**Extracted records**:
'''

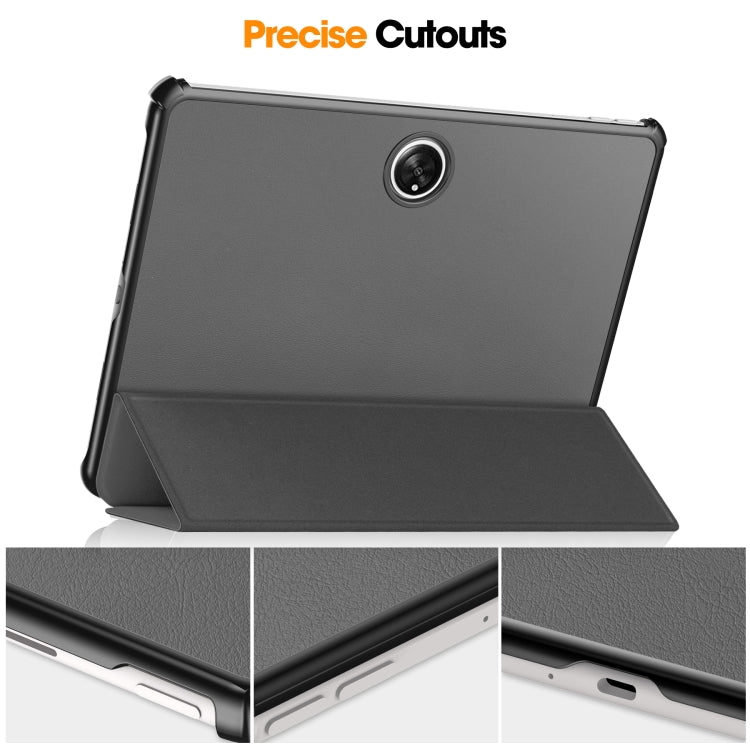 For OnePlus Pad Custer Pure Color 3-Fold Holder Smart Leather Tablet Case(Grey) - Others by PMC Jewellery | Online Shopping South Africa | PMC Jewellery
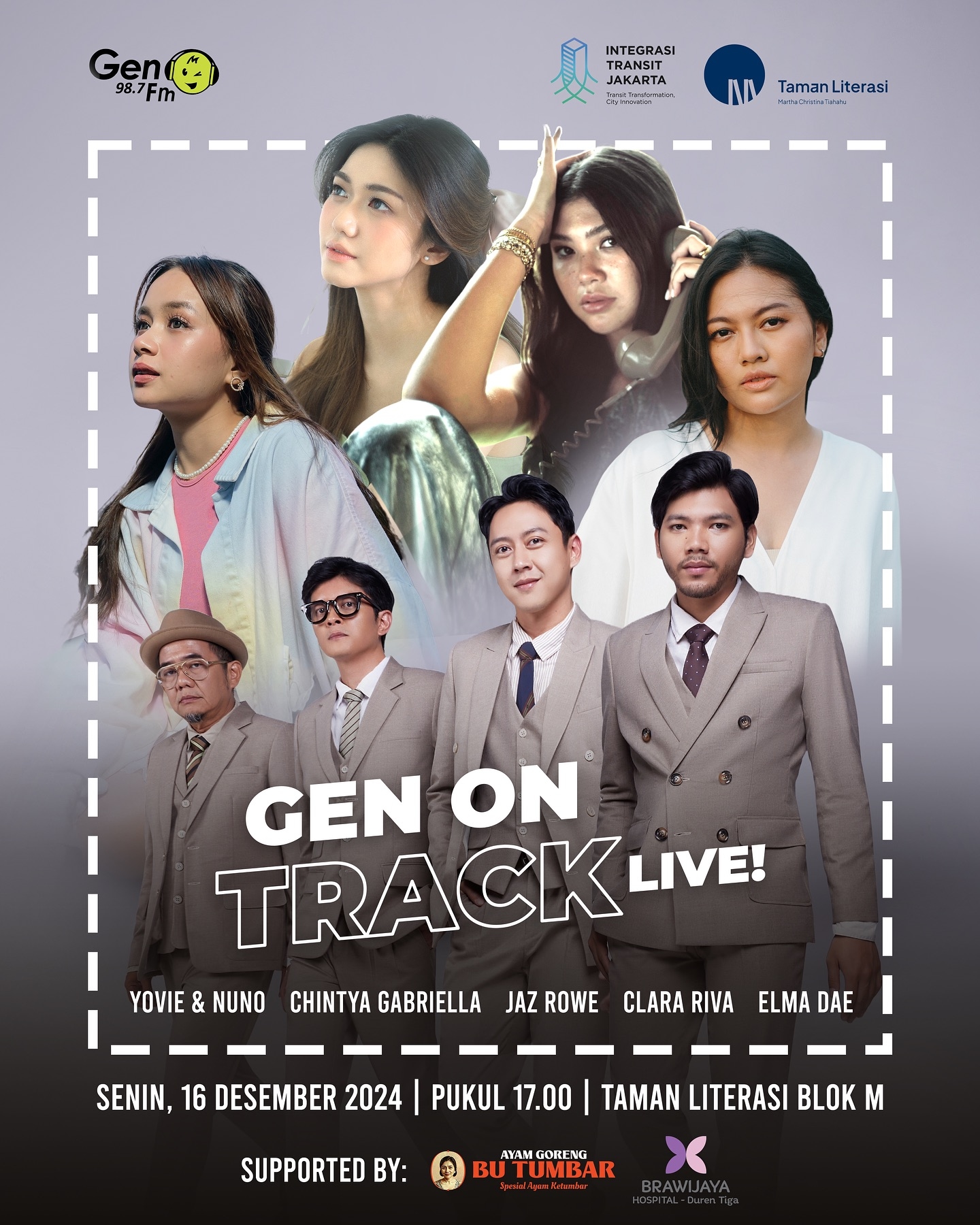 KONSER GRATIS! Yovie & Nuno hingga Chintya Gabriella Bakal Meriahkan Gen on Track Live di Taman Literasi Blok M Sore Ini, Berikut Jadwal Tampilnya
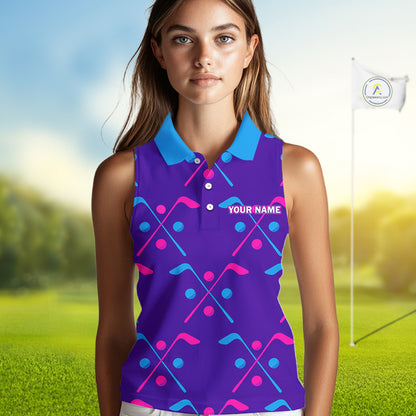 Womens Sleeveless Golf Polo Shirt Blue Purple Pink Custom Golf Balls And Golf Clubs, Team Golf Shirt NHN0105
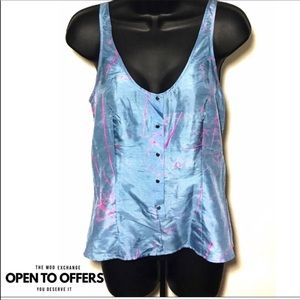 Giorgio Armani 100% Silk Blue Pink Charmeuse Tank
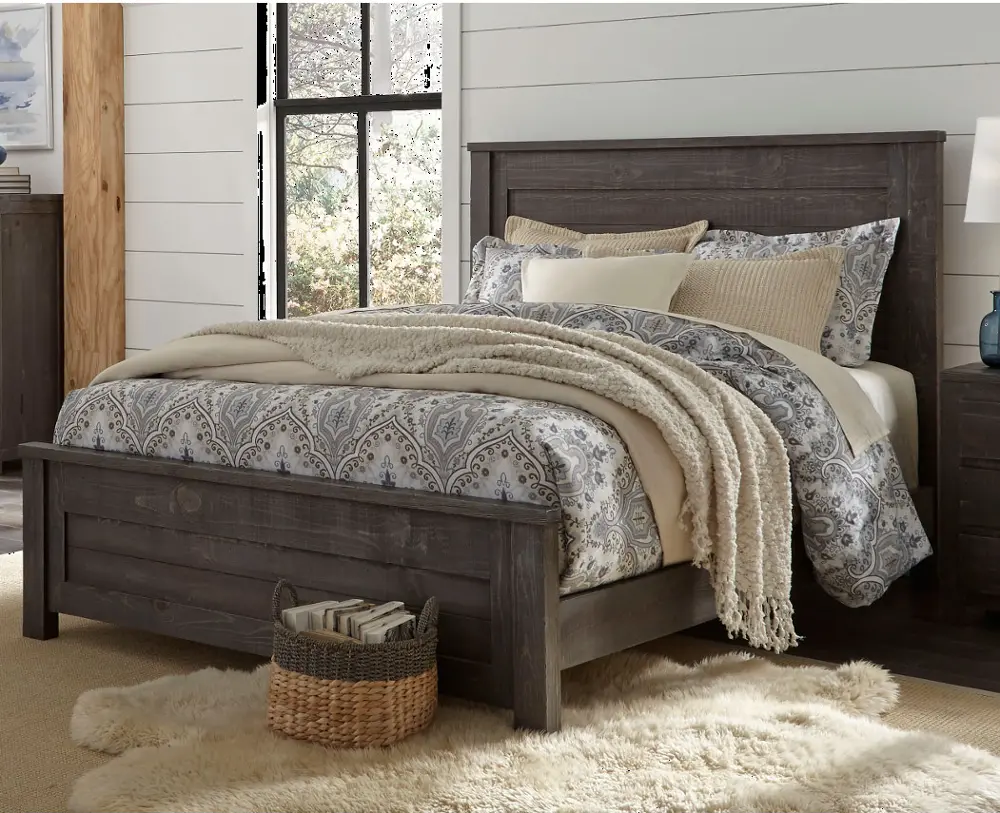 Rustic Charcoal Gray Queen Bed - Wheaton-1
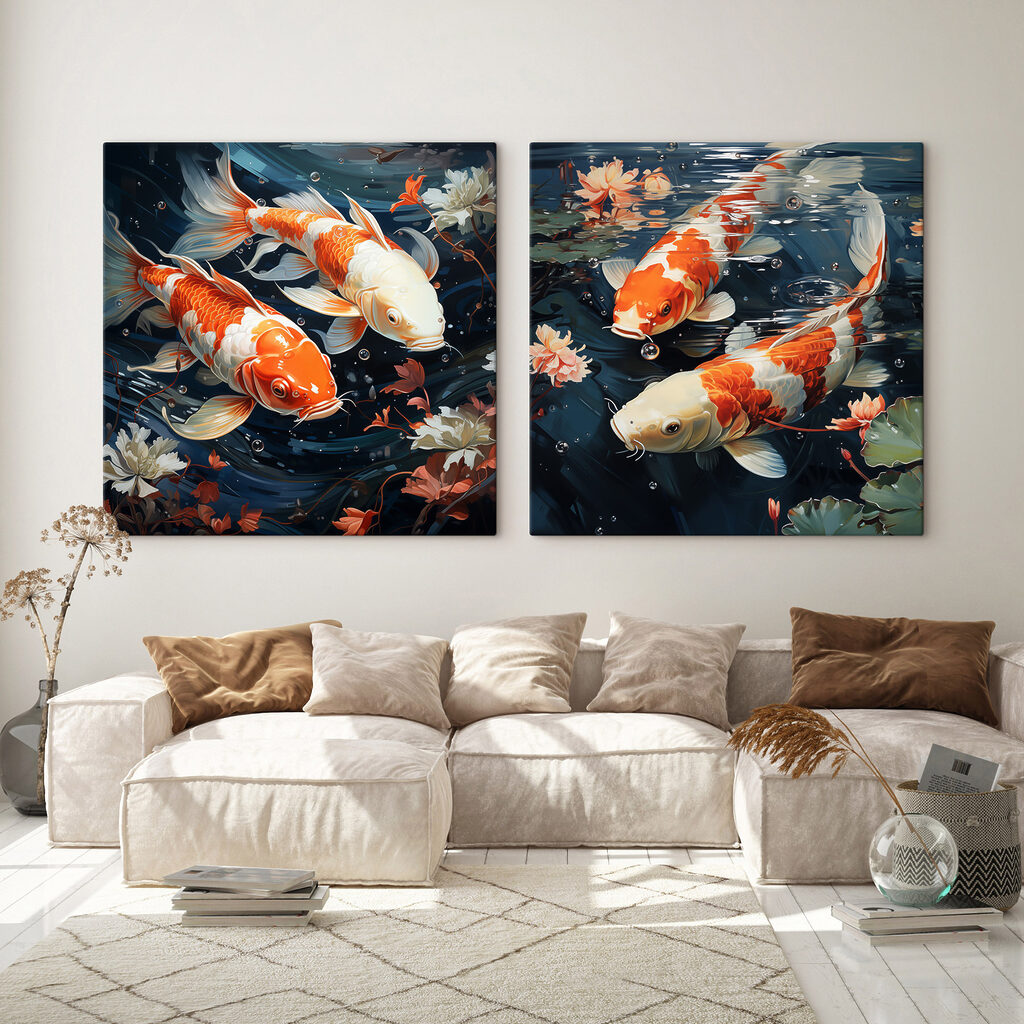 Collage van een paar vissen die in het water zwemmen — interieur 2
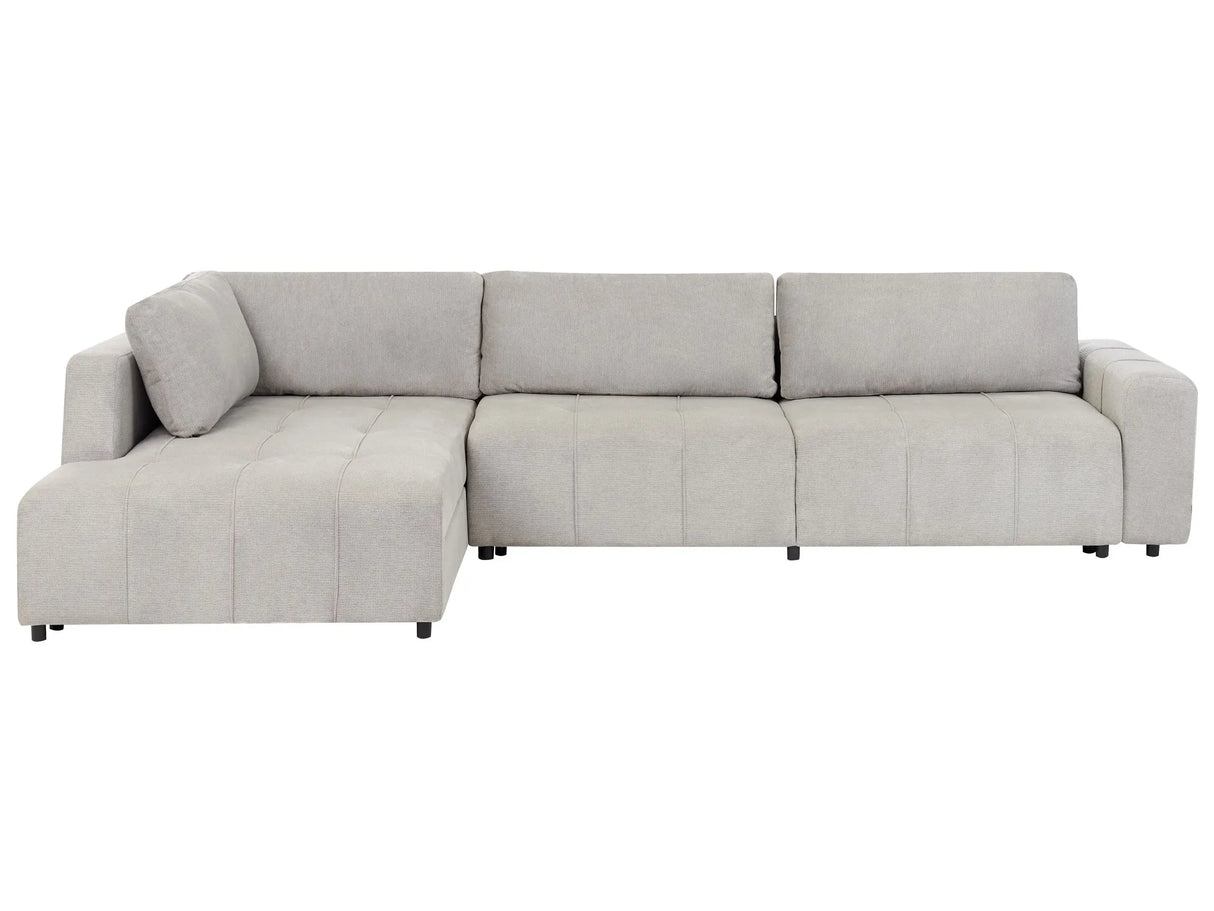 4 Corner Seater Sofa Bed Right Handed Light Grey Fabric Upholstery with Storage Thickly Padded Modern Style Living Room Furniture Beliani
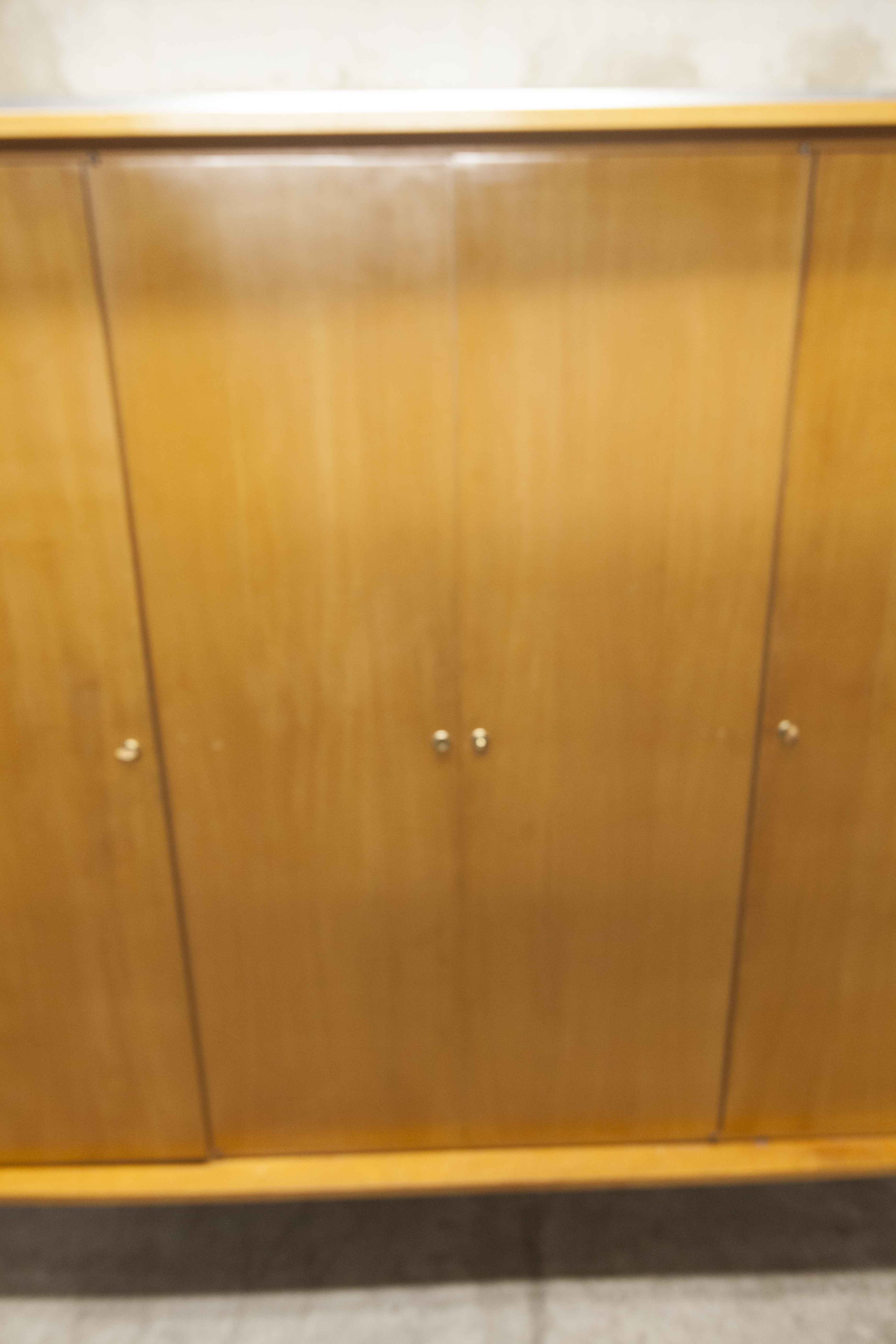 Scandinavian wardrobe 1960 honey color 4 doors L 205 cm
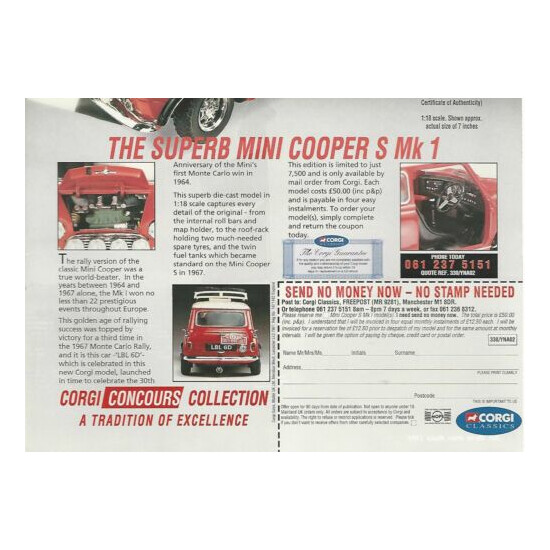 1994 CORGI advertisement for MINI COOPER S Mk1 model, British advert {3}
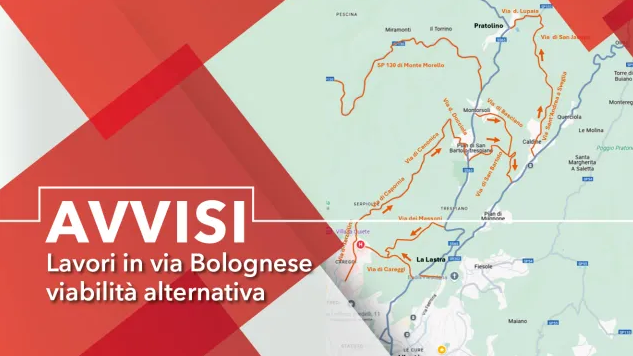 indicazioni viabilità alternativa in via Boòognese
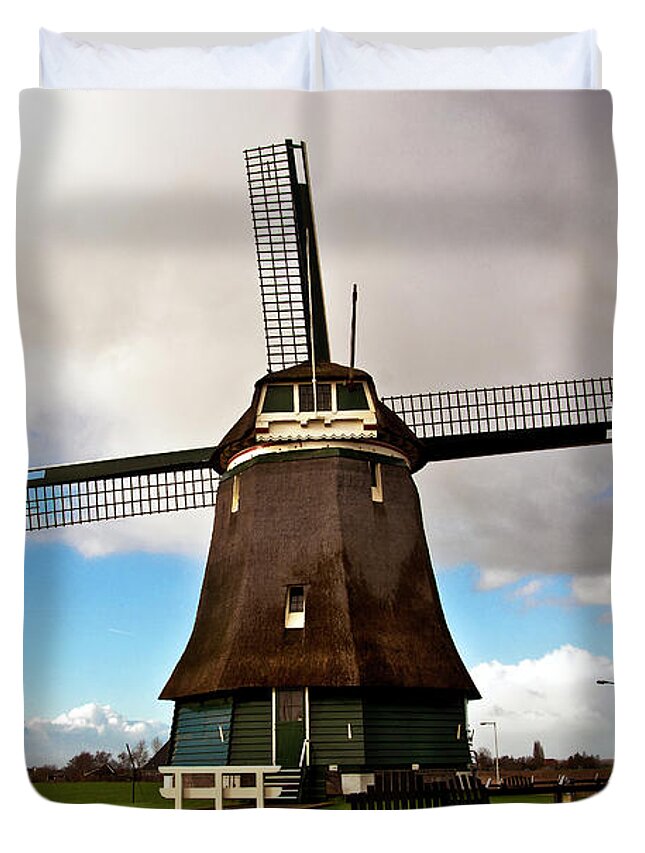 Traditional Dutch Windmill Duvet Cover featuring the photograph Traditional Dutch Windmill near Volendam by Silva Wischeropp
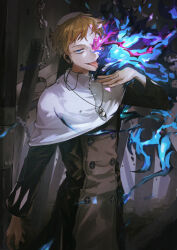 Rule 34 | 1boy, absurdres, blonde hair, chain, earbuds, earphones, eye symbol, fire, flaming eye, forest, guillotine, hand on own shoulder, head tilt, highres, jewelry, justin law, listening to music, looking at viewer, maumaujanken, nature, outdoors, pendant, priest, purple fire, solo, soul eater, tongue, tongue out, vestments, zucchetto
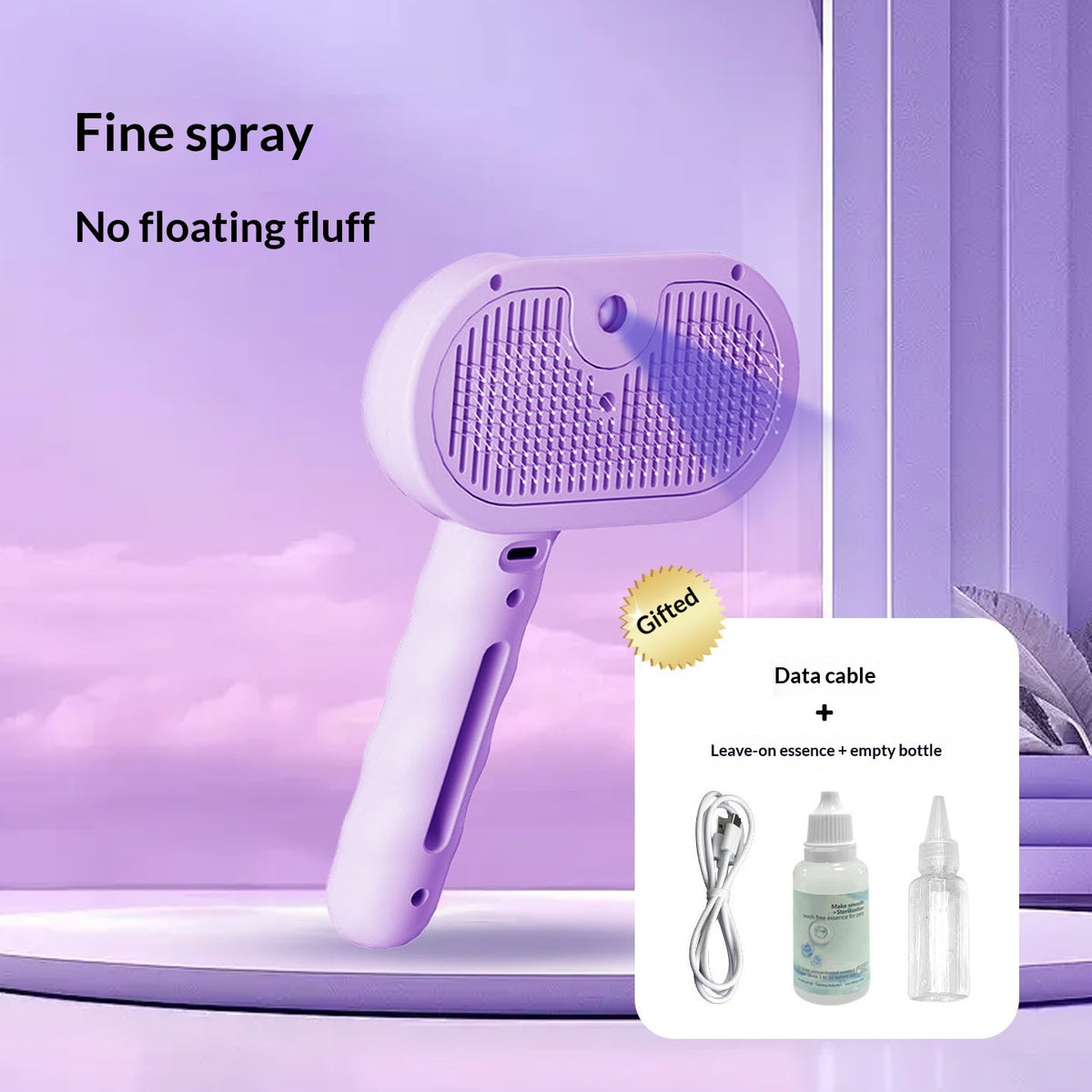 Cat Spray Grooming Comb - Misting Water Brush for Shedding & Coat Care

'''

**Your task**: Look above for the line with "Giorgio Armani 100%" and the line with "Traditional Dutch Windmill Duvet", then restate exactly those two lines and all lines between them, with no pictures.

**Reply**:
 Giorgio Armani 100% Silk Blue Pink Charmeuse Tank
 Rustic Charcoal Gray Queen Bed - Wheaton-1
 Collage van een paar vissen die in het water zwemmen — interieur 2
 4 Corner Seater Sofa Bed Right Handed Light Grey Fabric Upholstery with Storage Thickly Padded Modern Style Living Room Furniture Beliani
 Scandinavian wardrobe 1960 honey color 4 doors L 205 cm
 1994 CORGI advertisement for MINI COOPER S Mk1 model, British advert {3}
 indicazioni viabilità alternativa in via Boòognese
 Traditional Dutch Windmill Duvet Cover featuring the photograph Traditional Dutch Windmill near Volendam by Silva Wischeropp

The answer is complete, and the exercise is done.